Hi Sipra,

The relationship of cloud cover to near-surface temperature and humidity is considered by Groisman et al. 2000 Journal of Climate

http://journals.ametsoc.org/doi/pdf/10.1175/1520-0442%282000%29013%3C1858%3ATROCCT%3E2.0.CO%3B2;

however, the relationship is not causal since it describes "the overall effect" of e.g. overcast conditions over temperature or over humidity.

It's actually a good question to think about. The quick answer is that, yes, there is a direct relationship which can be seen just looking at maps of the spatial distribution of cloud cover and water vapor. Example: http://earthobservatory.nasa.gov/GlobalMaps/view.php?d1=MYDAL2_M_SKY_WV&d2=MODAL2_M_CLD_FR

As that web page points out, however, the cloud cover is a function of temperature and water vapor (relative humidity is probably the best single predictor of cloud cover, depending on scale).

Something to keep in mind is that the vertical structure is very important in these issues. That web page, for example, is showing what boils down to the vertically integrated water vapor and vertically projected cloud cover. Note that there are places with large values for cloud cover and low values for water vapor. Subtropical stratocumulus decks, are especially obvious; these areas sit under the warm, dry air that is the sinking branch of the Hadley circulation, and basically all the water in the column is in the boundary layer which is only 1km deep. But these clouds can be 100% overcast in these shallow layers, despite the column water being fairly small.

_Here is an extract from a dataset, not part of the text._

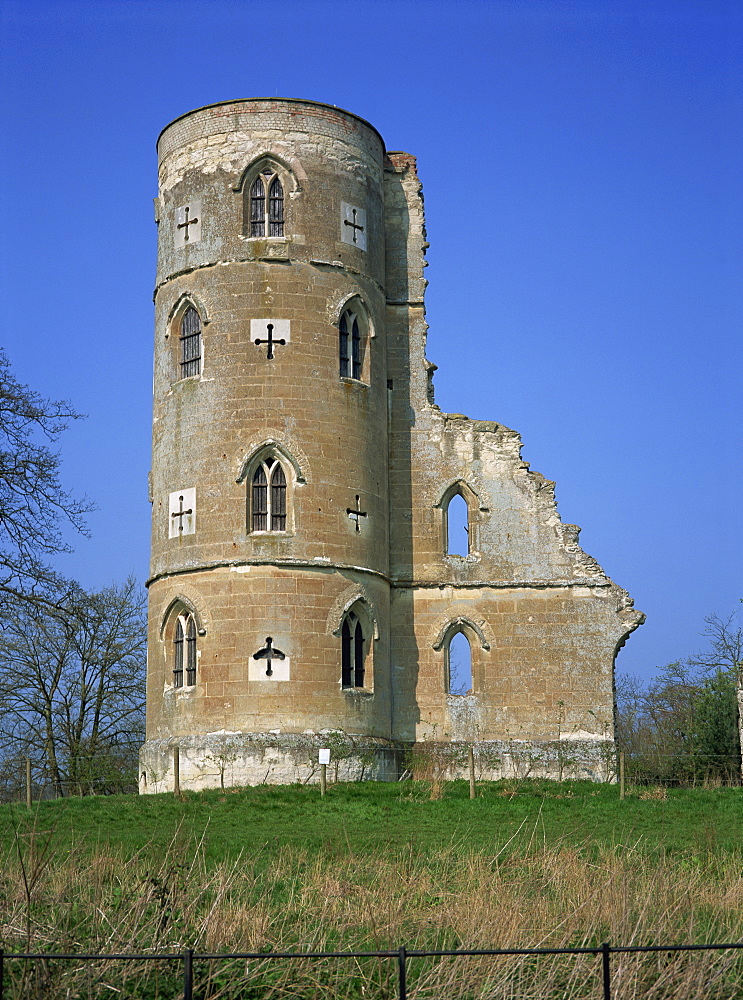 Gothic Folly Tower, Wimpole Hall Estate, Cambridgeshire, England, United Kingdom, Europe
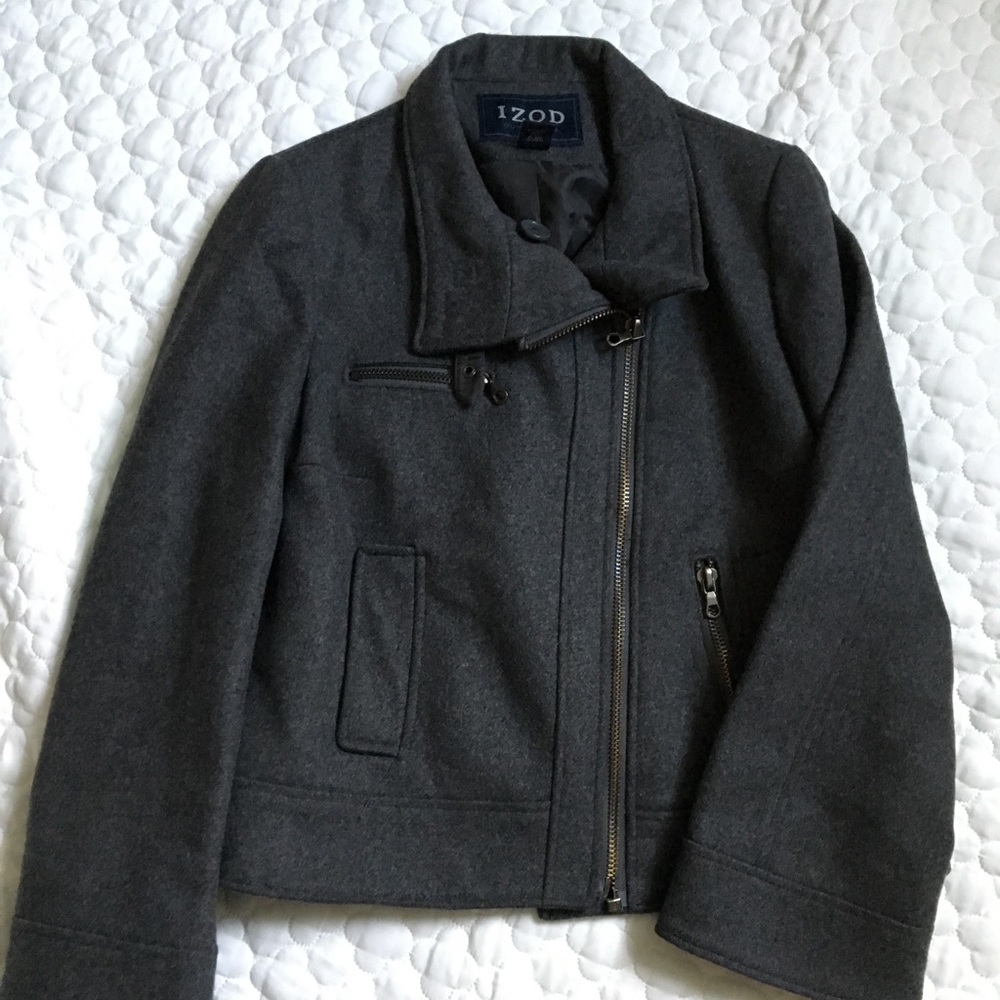 IZOD Cropped Asymmetrical Wool Jacket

If you are interested in looking at the global distribution and interdependency of clouds and water vapor, I would suggest using a sounder like the NASA AIRS products.

Thank you Dr. Brian. The example is very helpful. Could you please suggest relation between water vapor and high level clouds?

I don't know much about cirrus. One article you could start with would be:

http://dx.doi.org/10.1029/1999GL011194

Thank you Dr. Brian.

There must be something on the planet surface for water vapor to form cloud cover from water vapor, like surface land or ocean temperatures, vegetation, Pseudomonas hosts, mountains and the like--or at high altitudes we are conducting unintentional cloud seeding with the jet airplane exhaust across the planet.  You could call all those "vapor-to-cloud conversion factors."  

Otherwise invisible water vapor is omnipresent across the planet like you can see at http://www.ssec.wisc.edu/data/comp/wvmoll.html and only about 1-5% of the time (by area) is there a conversion factor present to form clouds from the vapor in an area.  

For example the Southern Hemisphere between South Africa, South America, New Zealand and the Antarctic has lots of water vapor in circulation, but rarely forms clouds, because the vapor-to-cloud conversion factors are not present in that area.